By Ceci Connolly
Monday, October 19, 2009
The television airwaves were filled Sunday with rat-a-tat over reforming the nation's health-care system, as top administration officials hit the talk show circuit and interest groups waged a record advertising blitz.
President Obama's team, preparing for an intense round of private negotiations on Capitol Hill, used public appearances to set the parameters for the negotiations.
Obama continues to support the concept of a government-sponsored insurance option, but "he is not demanding that it is in" the final legislation, Valerie Jarrett, a senior White House adviser, said on NBC's "Meet the Press." "He thinks it's the best possible choice."
White House Chief of Staff Rahm Emanuel, in two television appearances, noted that the public option could provide much-needed competition, but that "it's not the defining piece of health care."
Liberal lawmakers such as Sen. Christopher J. Dodd (D-Conn.), who is involved in the negotiations, said they will push for the government option to be included in the bill that goes to the Senate floor. "I haven't given up on this," Dodd said on NBC.
Advocacy groups also pressed the case in television and print ads. In one spot airing on several networks, the liberal coalition Health Care for America Now calls out "huge insurance companies driving prices up."
"We need real competition to lower costs," the commercial concludes. "We need the choice of a public health insurance option."
Obama aides conceded that they may not have the votes in the Senate for the provision.
"There are people in the Senate -- Republicans and Democrats -- who have objections to that," senior White House adviser David Axelrod said on ABC's "This Week."
The notion of a public insurance alternative has divided Democrats for months. It remains a major sticking point, though it would affect only the fraction of Americans who work in small businesses or buy coverage on their own.
Proponents argue that a nonprofit plan with lower administrative fees and executive salaries could provide more-affordable coverage. Industry leaders and some lawmakers in both parties fear it would lead to a government-run health system and would force private companies out of business.
As Obama has inched closer to enacting his top legislative priority, his allies and the insurance industry have grown increasingly hostile. Administration aides lambasted the industry after it released two reports last week that said private insurance premiums would probably increase under the bills circulating in Congress.
"Most of the stakeholders in this health-care debate are at the table; they're trying to produce real reform," Axelrod said. "The insurance industry has decided now at the eleventh hour that they don't want to go along with this. One of the problems we have is we have a health-care system now that functions very well for the insurance industry but not well for the customers."
Asked whether Obama has been "tough enough" in his first year in office, Axelrod replied: "The president in his radio address took on the insurance industry, at least rhetorically, and he suggested that he might be willing to take away their antitrust exemption."

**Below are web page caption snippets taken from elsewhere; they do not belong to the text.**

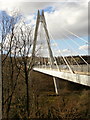 Chartist Bridge, Blackwood, from the east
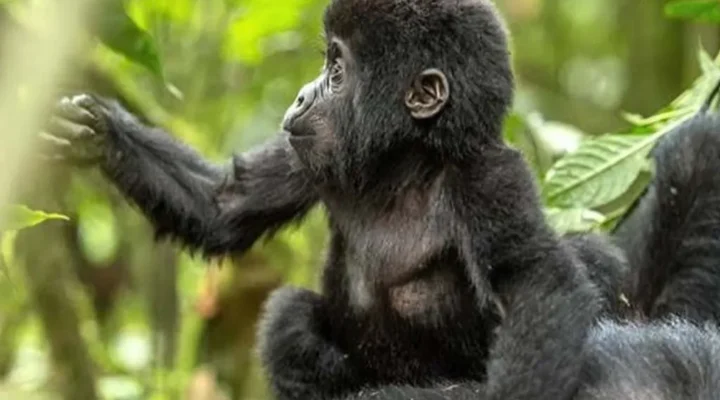 The Best of Uganda Safari and Rwanda Tour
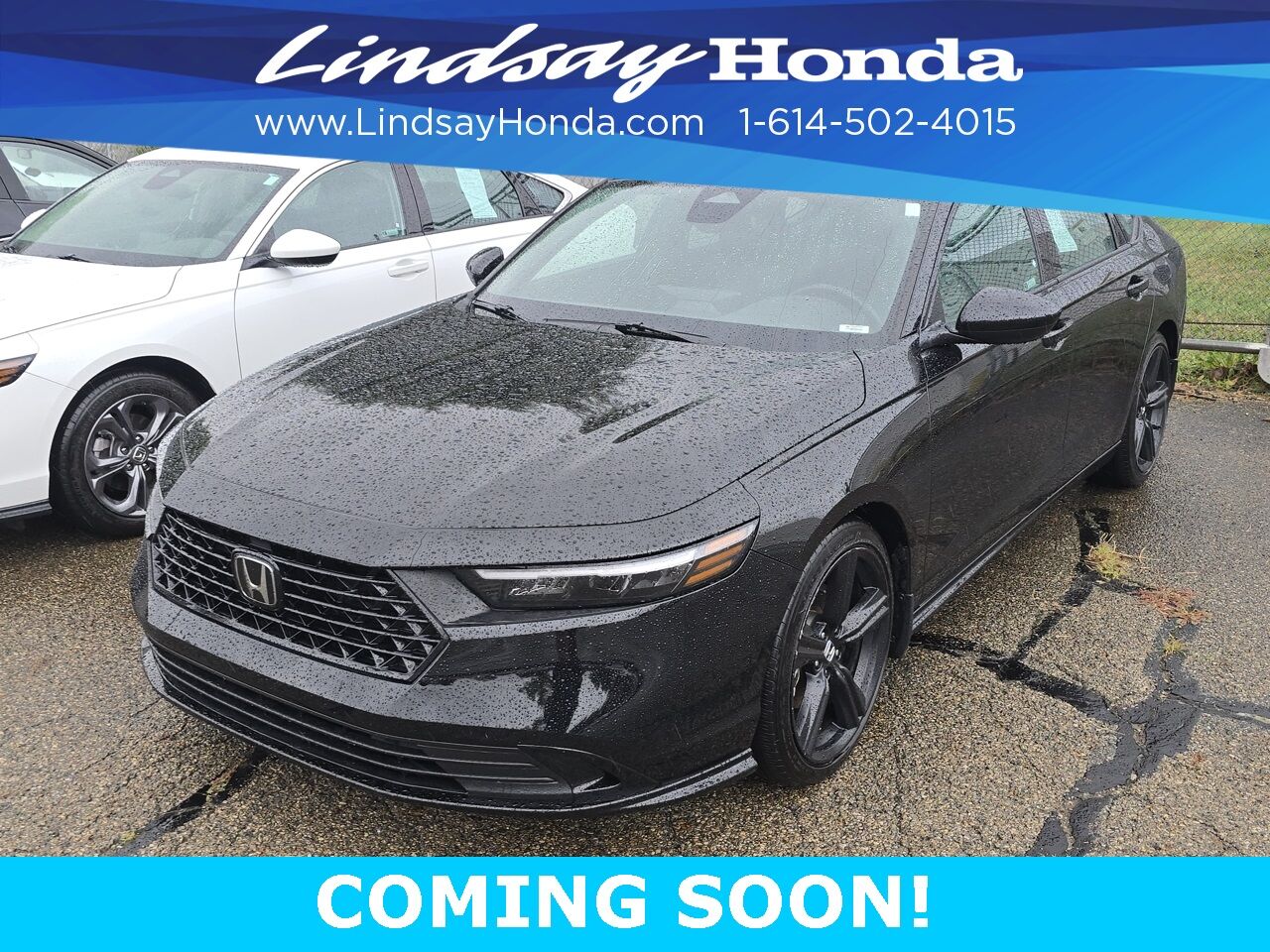 2023 Honda Accord Hybrid Sport-L Columbus OH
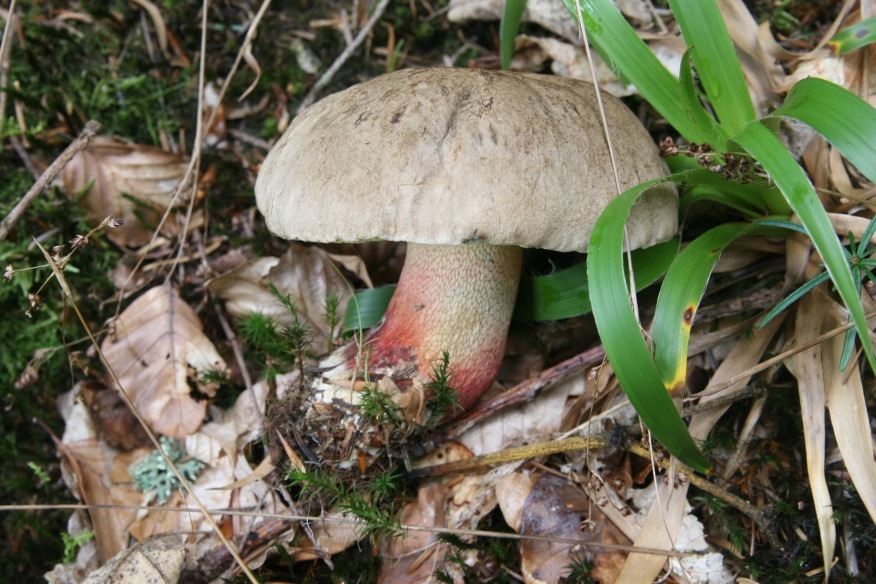 Boletus non identificato dalla Foresta Nera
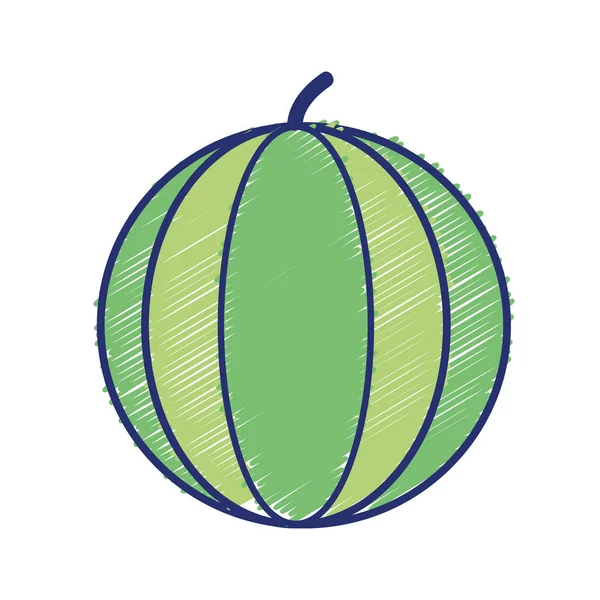 Heerlijke Watermeloen Fruit Met Vitaminen Eiwitten Vectorillustratie — Stockvector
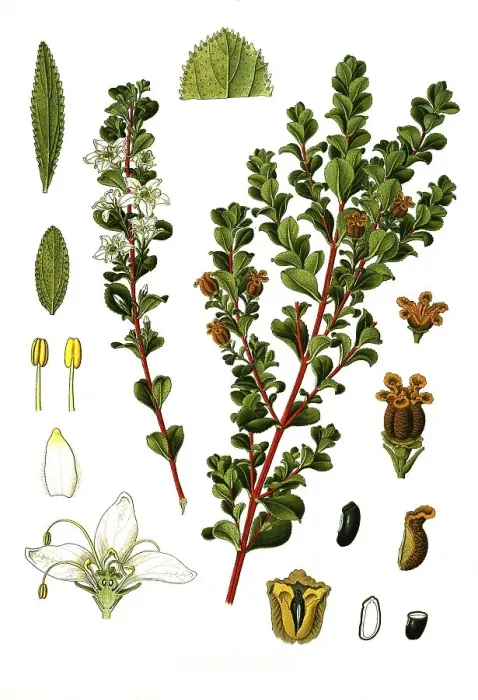 Framed Print : Medicinal plant, Agathosma betulina Framed Print : Medicinal plant, Agathosma betulina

The health-care battle will be tested this week in the Senate, as Democrats push a bill that would set aside nearly $250 billion over the next decade for higher Medicare payments to physicians. The reimbursement rates are scheduled for automatic reductions. But each year, Congress overrides the formula, which would trim fees by 21 percent in 2010.
Fixing the payment gap is of enormous concern to the American Medical Association, but lawmakers have yet to find the money to pay for it.
Obama and Senate Finance Committee Chairman Max Baucus (D-Mont.) kept the provision out of health-care reform legislation, saying it is something Congress would do regardless of broader reform. But Republicans and some Democratic deficit hawks object.
"This is so transparent," said Senate Minority Leader Mitch McConnell (R-Ky.). "They're taking this issue out of health care, suggesting that we spend a quarter of a trillion dollars, not pay for it, so that they can then argue, the very next week potentially, that this trillion-dollar health-care bill is paid for."
In between the talk show chatter, the AMA weighed in with an ad.
"For seniors, a doctor can mean everything -- independence, hope, security -- and Medicare makes it possible," the narrator says. "We need a permanent solution to protect Medicare and ensure seniors get the security and stability they've earned."